I have a master process (run-jobs below) that starts other jobs as its sub-processes. When the master process fails (e.g. database failure), it exits with a non-0 status code, which is good, and can be verified by looking into $? variable (echo $?).

However, I'd also like to inspect the exit codes of the sub-processes in case the master job fails. Is there a convenient way to check the exit code of process_1 and process_2 below, once the master process is gone?

This is simplified output of ps auxf:

vagrant 5167 | \_ php app/console run-jobs
vagrant 5461 | \_ php process_1
vagrant 5517 | \_ php process_2

Best Answer

Processes report their exit status to their parent and if their parent is dead to the process of id 1 (init), though with recent versions of Linux (3.4 or above), you can designate another ancestor as the child subreaper for that role (using prctl(PR_SET_CHILD_SUBREAPER)).

Actually, after they die, processes become zombies until their parent (or init) retrieves their exit status (with waitpid() or other).

In your case, you're saying the children are dying after (as a result of?) run-jobs dying. That means they'll report their exit status to init or to the process designated as child sub-reaper.

If init doesn't log that (and it generally doesn't) and if you don't use auditing or process accounting, that exit status will be lost.
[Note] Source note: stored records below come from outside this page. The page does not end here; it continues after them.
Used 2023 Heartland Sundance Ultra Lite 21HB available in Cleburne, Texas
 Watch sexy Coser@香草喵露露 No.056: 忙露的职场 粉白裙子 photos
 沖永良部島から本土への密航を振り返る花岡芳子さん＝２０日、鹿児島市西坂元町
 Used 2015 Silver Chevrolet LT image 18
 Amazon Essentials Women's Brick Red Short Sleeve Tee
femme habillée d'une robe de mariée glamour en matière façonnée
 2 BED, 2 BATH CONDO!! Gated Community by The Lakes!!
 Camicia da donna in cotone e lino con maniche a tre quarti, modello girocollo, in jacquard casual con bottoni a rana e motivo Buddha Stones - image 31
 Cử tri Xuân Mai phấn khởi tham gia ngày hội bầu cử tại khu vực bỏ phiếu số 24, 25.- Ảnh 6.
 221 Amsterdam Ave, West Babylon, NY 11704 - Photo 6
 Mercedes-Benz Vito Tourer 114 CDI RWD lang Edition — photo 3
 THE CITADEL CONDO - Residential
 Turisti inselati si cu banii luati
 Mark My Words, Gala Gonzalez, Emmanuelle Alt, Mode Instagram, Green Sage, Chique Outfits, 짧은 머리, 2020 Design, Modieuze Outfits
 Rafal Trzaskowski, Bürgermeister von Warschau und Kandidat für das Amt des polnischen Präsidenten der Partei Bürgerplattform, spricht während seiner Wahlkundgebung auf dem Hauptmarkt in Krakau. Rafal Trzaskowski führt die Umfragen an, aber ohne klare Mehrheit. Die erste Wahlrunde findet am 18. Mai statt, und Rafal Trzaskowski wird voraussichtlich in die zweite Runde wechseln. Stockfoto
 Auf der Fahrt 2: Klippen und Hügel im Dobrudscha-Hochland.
If on a recent version of Linux, you can create your own sub-reaper to get the pid and exit status of those orphan processes. Like with perl:

$ perl -MPOSIX -le '
  require "syscall.ph";
  syscall(&SYS_prctl,36,1) >= 0 or die "cannot set subreaper: $!";

  # example running 1 child and 2 grand children:
  if (!fork) {
    # There, you would run:
    # exec("php", "run-jobs");
    if (!fork) {exec "sleep 1; exit 12"};
    if (!fork) {exec "sleep 2; exit 123"};
    exit(88)
  }
  # now reporting on all children and grand-children:
  while (($pid = wait) > 0) {
   print "$pid: " . WEXITSTATUS($?)
  }'
22425: 88
22426: 12
22427: 123

If you wanted to retrieve information on the dying processes (like command line, user, ppid...), you'd need to do that while they're still in the zombie state, that is before you've done a wait() on them.

To do that you'd need to use the waitid() API with the WNOWAIT option (and then get the information from /proc or the ps command). I don't think perl has an interface to that though, so you'd need to write it in another language like C.